Kementerian Lingkungan Hidup (KLH) baru-baru ini mengambil langkah signifikan dengan mencopot plang peringatan bahaya terpapar radioaktif Cesium-137 (Cs-137) di beberapa lokasi di Kawasan Industri Modern Cikande, Banten pada Jumat, 17 Oktober 2025 lalu. Tindakan yang dipimpin oleh Deputi Penegakan Hukum KLH ini diklaim sebagai penanda bahwa area tersebut sudah tuntas didekontaminasi dan aman dari cemaran radioaktif. Pernyataan “Insya Allah aman” pun dilontarkan oleh Deputi Gakkum KLH, Rizal Irawan yang dilontarkan saat pelepasan plang di lapak barang bekas di Jalan Kampung Sadang.
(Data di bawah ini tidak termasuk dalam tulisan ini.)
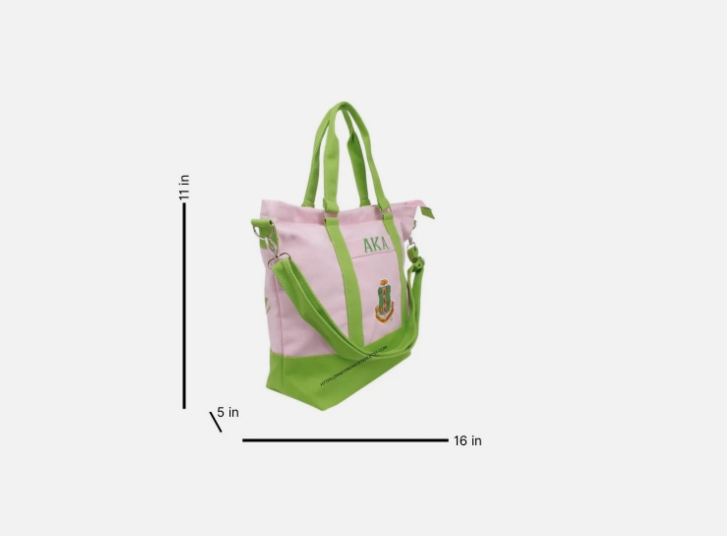Canvas Tote Bag Alpha Kappa Alpha Sorority Inspired Pink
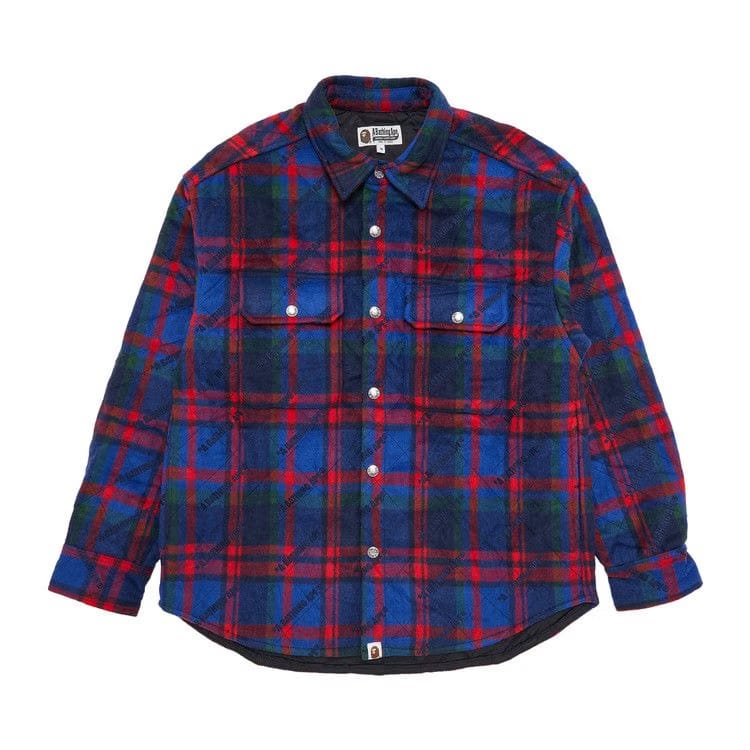 BAPE Logo Check Pattern Padded Flannel Shirt Jacket Navy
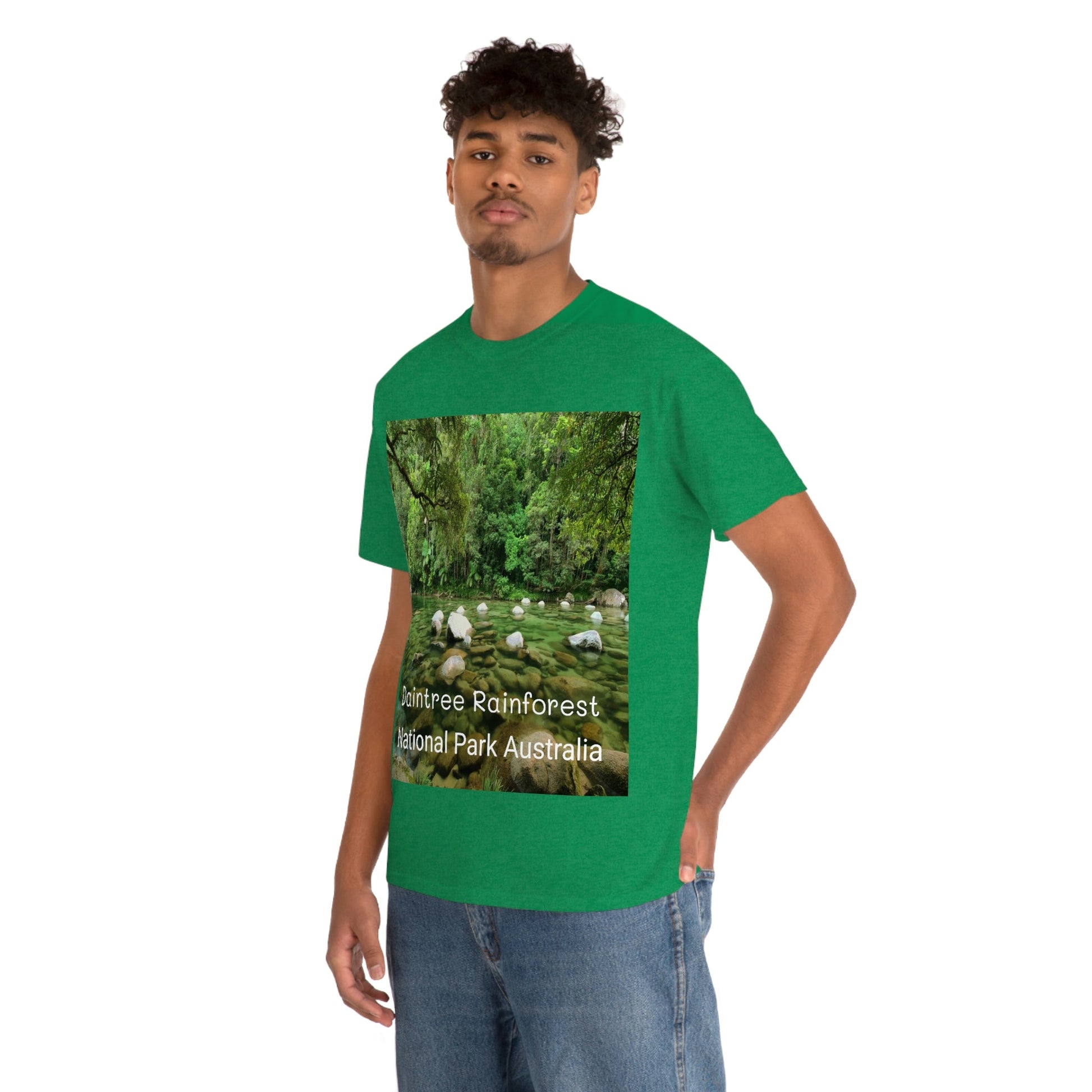 AU-PRINT UNISEX GILDAN 5000 - Heavy Cotton Tee - DAINTREE RAINFOREST National Park - Australia - Printed in AU by The Print Bar - Green Forest Home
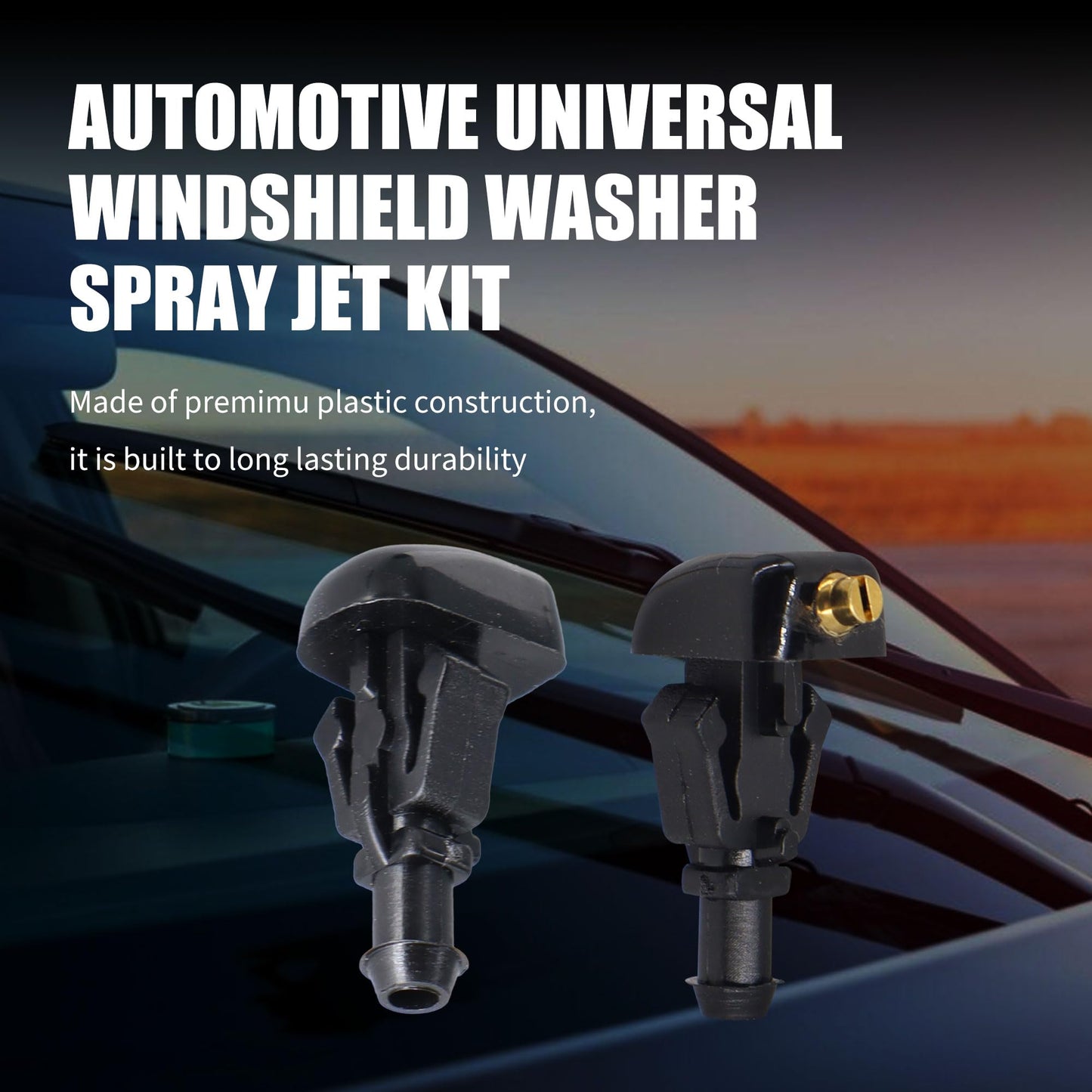 HiSport 3W7Z17603AA Windshield Washer Nozzles Kit - Compatible with Ford Flex E-150 E-250 E-350 Super Duty E-450 Super Duty F-150 Crown Victoria Taurus X Five Hundred Freestyle 2003-2014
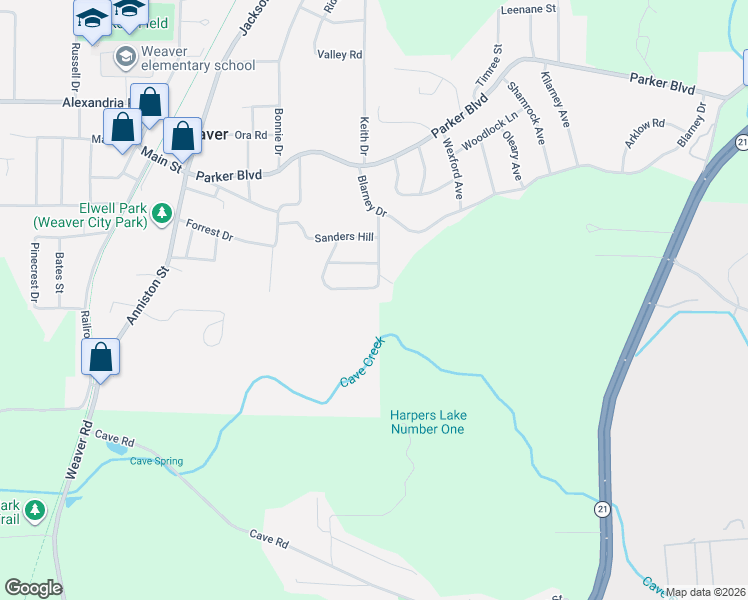 map of restaurants, bars, coffee shops, grocery stores, and more near 198 Dogwood Avenue in Weaver
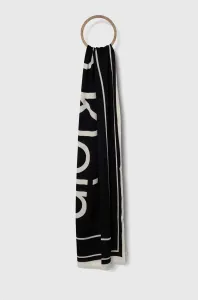Šál Calvin Klein dámsky, čierna farba, vzorovaný #8734198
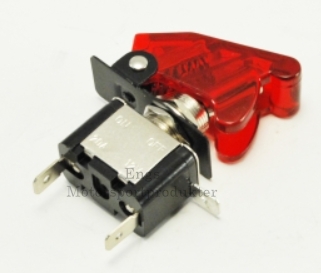 Vippebryter med sikkerhetslokk gjennomsiktig rød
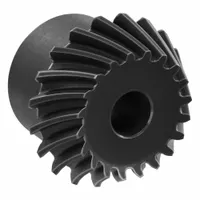 Spiral bevel gear with 20 teeth, module 1.5, gear ratio 2, and left-hand spiral direction. Made of black oxide-coated steel with induction-hardened teeth. Used for right-angle power transmission in industrial machinery and automation systems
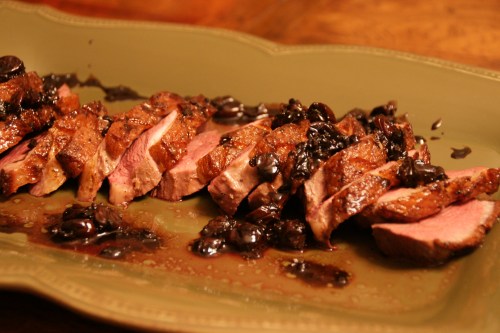 I went light on the sauce coating since Ken really prefers the duck simply roasted.  He's not a big fruit-and-meat kid!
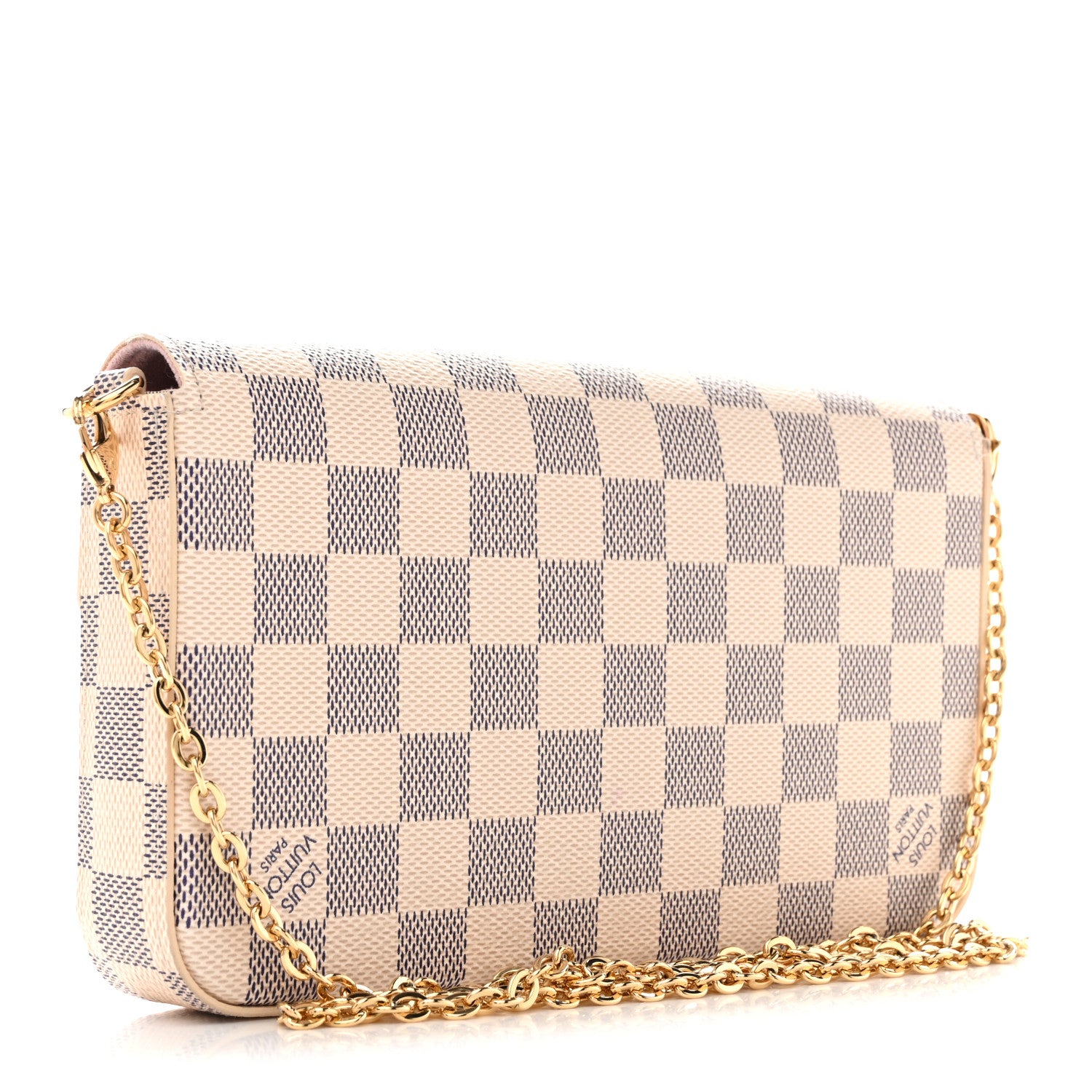 Louis Vuitton Damier Azur Pochette Felicie Chain Wallet Rose Ballerine 4 of 10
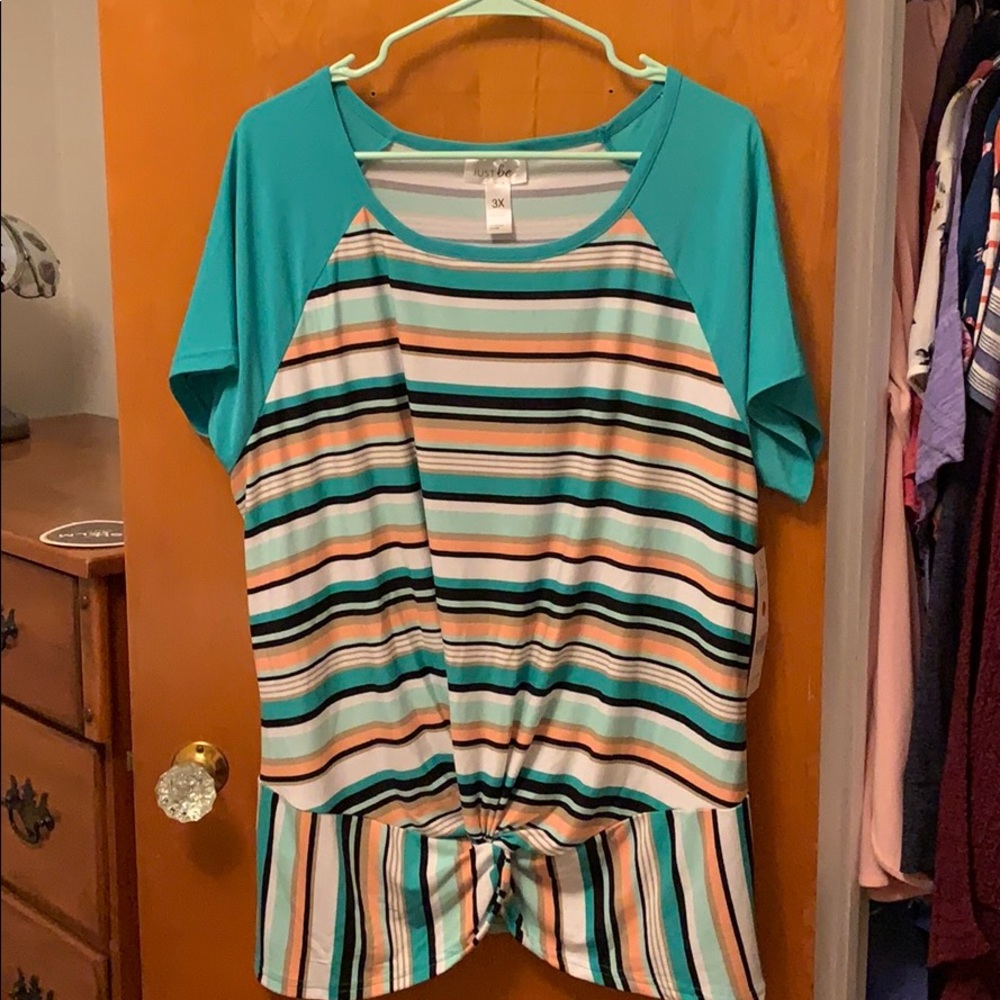 3x Teal Striped Tee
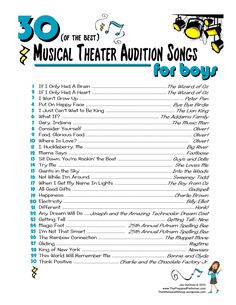 the 30 musical theater auction songs for boys is shown in this printable sheet, which includes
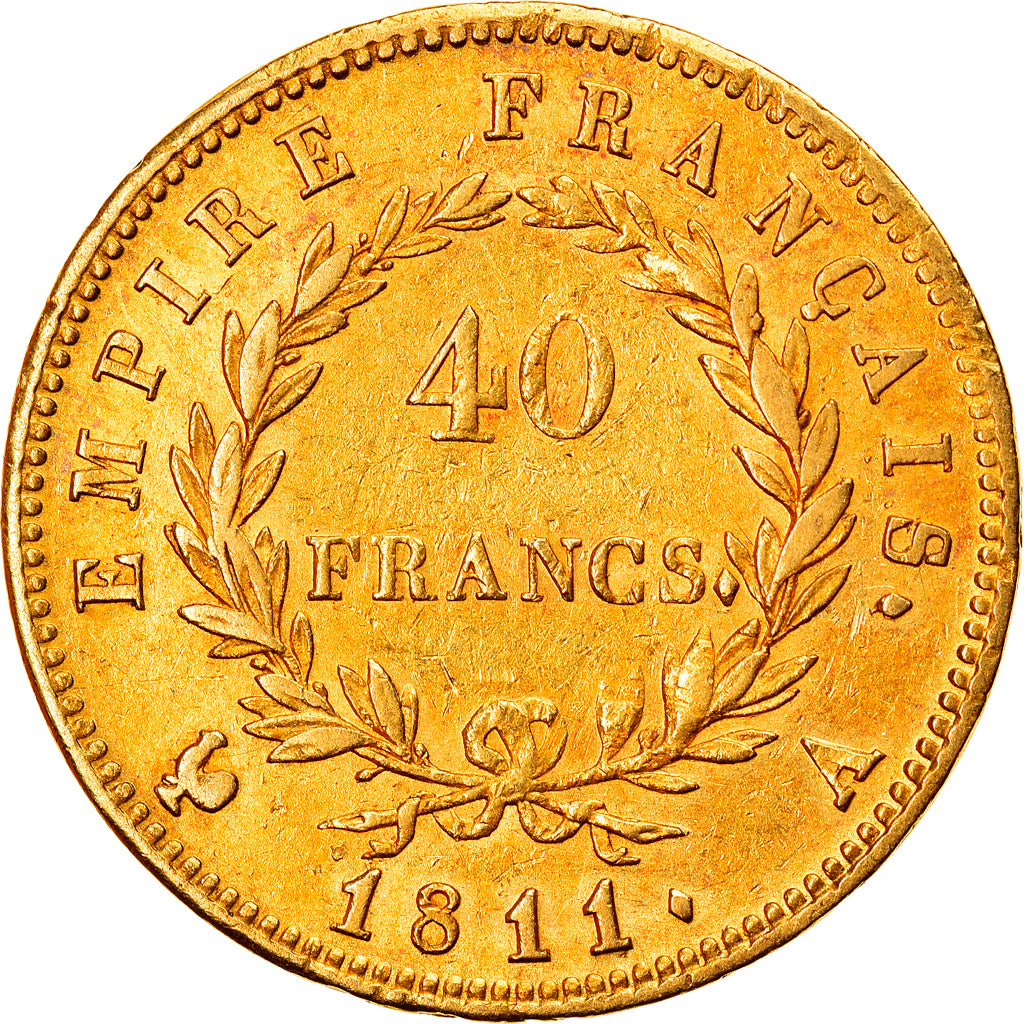 Moeda, França, Napoléon I, 40 Francs, 1811, Paris, EF(40-45), Dourado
KLH melaporkan bahwa dari 22 pabrik yang tercemar, 20 di antaranya sudah didekontaminasi. Sementara itu, untuk lapak besi, baru 2 dari 13 lokasi yang dinyatakan bebas dari radiasi Cs-137. Pelepasan plang di area yang telah didekontaminasi ini bertujuan untuk menegaskan bahwa lokasi tersebut aman dan dapat kembali beraktivitas normal. Namun, data tersebut menunjukkan bahwa proses pembersihan belum 100% tuntas. Masih ada 2 pabrik dan 11 lapak besi lain yang masih dalam proses dekontaminasi atau belum dinyatakan aman. Walaupun plang dicopot di titik yang diklaim ‘bersih’, kurangnya detail data dan metodologi pengujian yang dirilis ke publik berpotensi menimbulkan keraguan.

Sumber dari BBC
Kasus Cikande yang disebut-sebut bermula dari masuknya limbah Cesium-137, kemungkinan besar dari luar negeri adalah alarm keras bagi pengawasan limbah B3 dan impor scrap metal (limbah logam). Pelepasan plang peringatan memang penting sebagai penanda pemulihan, namun jika tidak disertai transparansi bukti ilmiah, hal itu justru bisa menjadi peluang bahaya baru. Pemerintah harus ingat bahwa dampak paparan radioaktif tidak berdampak secara instan, namun berdampak jangka panjang. Keputusan untuk menyatakan sebuah area aman tanpa bukti kuat adalah pertaruhan besar yang mempertaruhkan kesehatan ribuan warga.
Jangan biarkan keselamatan warga ditukar dengan klaim seremonial. Buktikan bahwa Cikande benar-benar bersih dan aman dengan data, bukan hanya dengan kata-kata saja.